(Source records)
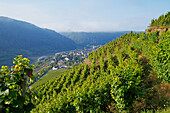  Morning fog in the Moselle valley, Winningen, Moselle valley, Rhineland-Palatinate, Germany, Europe 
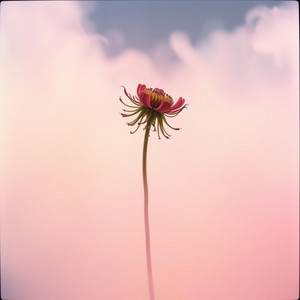 Beautiful love you give — Lady Sunce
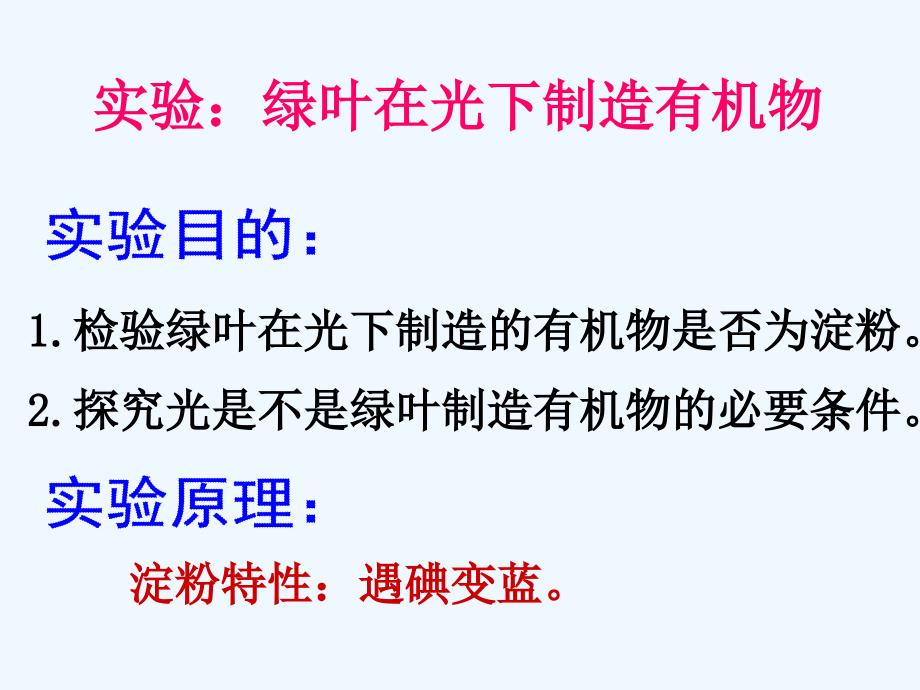 生物人教版七年级上册第三单元第四章课件_第2页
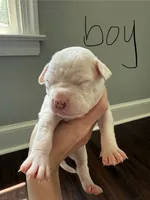 Blanco, a male American Staffordshire Terrier for sale in Roxboro, NC – 1 of 1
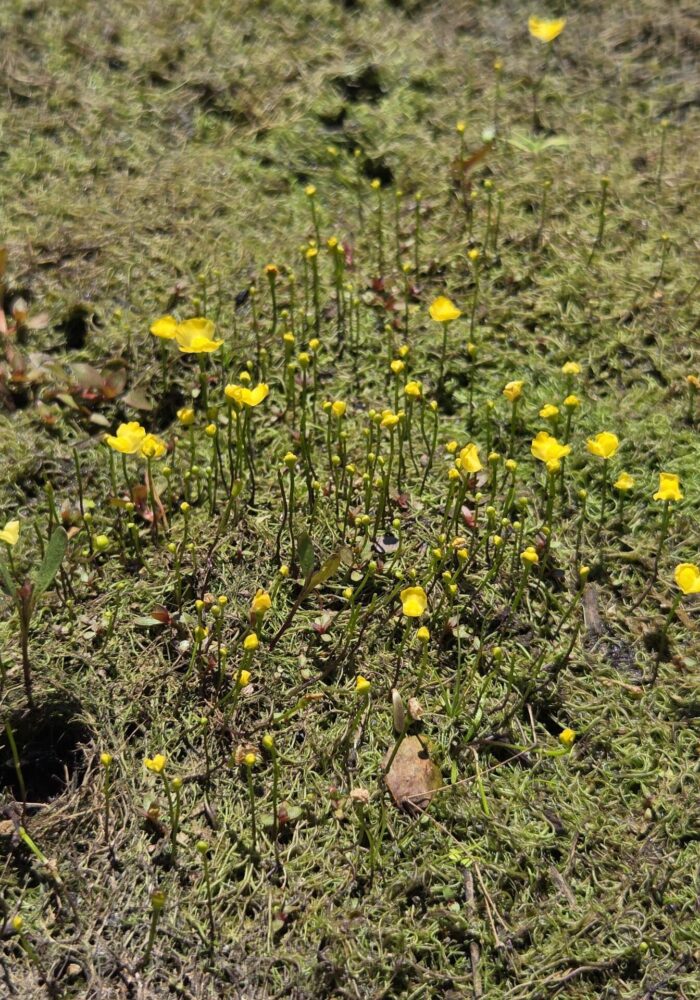 20260607_123330 - Copy Humped bladderwort. D. Burk. Finley Lake. June 7, 2026.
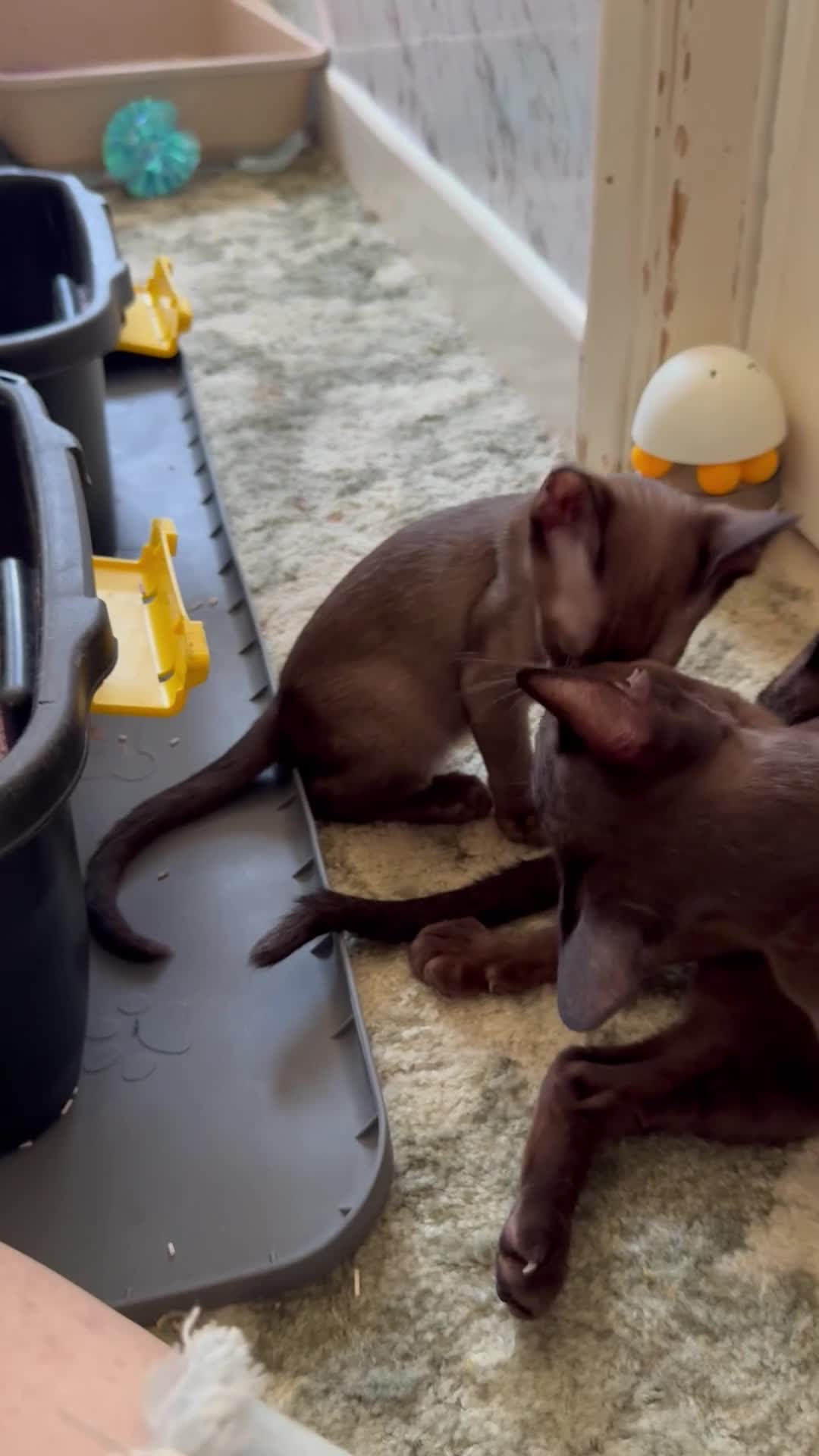 Burmese cats for sale: Burmese Kittens For Sale - Video 4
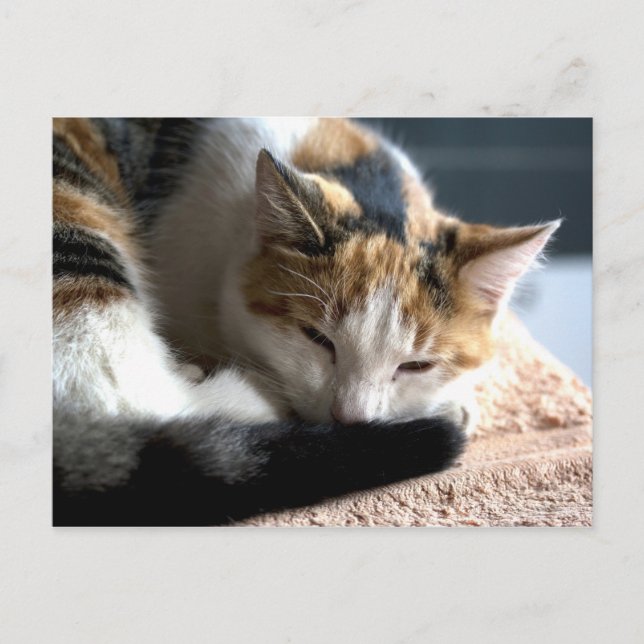Sleeping Calico Postcard (Front)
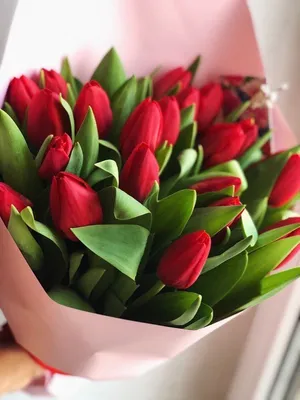 Красные Тюльпаны Яркие - Бесплатное фото на Pixabay - Pixabay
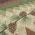 Green and Brown color or pattern variation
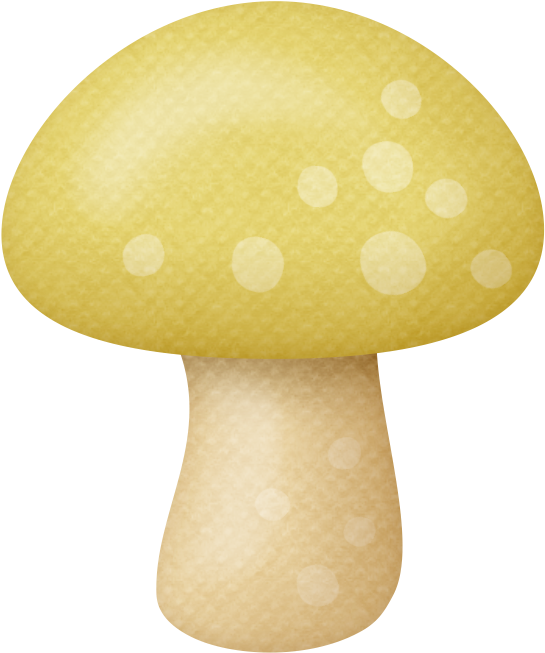 ‿✿⁀shrooms‿✿⁀ - Shiitake (588x687)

▶ **WHAT THE TASK REQUIRES**: Pictures stay out; copy every entry above exactly.

▶ **SOLUTION FOR THIS TASK**:
  Morning fog in the Moselle valley, Winningen, Moselle valley, Rhineland-Palatinate, Germany, Europe 
 Beautiful love you give — Lady Sunce
 生物人教版七年级上册第三单元第四章课件_第2页
 Blanco, a male American Staffordshire Terrier for sale in Roxboro, NC – 1 of 1
 20260607_123330 - Copy Humped bladderwort. D. Burk. Finley Lake. June 7, 2026.
 Burmese cats for sale: Burmese Kittens For Sale - Video 4
Sleeping Calico Postcard (Front)
 Красные Тюльпаны Яркие - Бесплатное фото на Pixabay - Pixabay
 Green and Brown color or pattern variation
 ‿✿⁀shrooms‿✿⁀ - Shiitake (588x687)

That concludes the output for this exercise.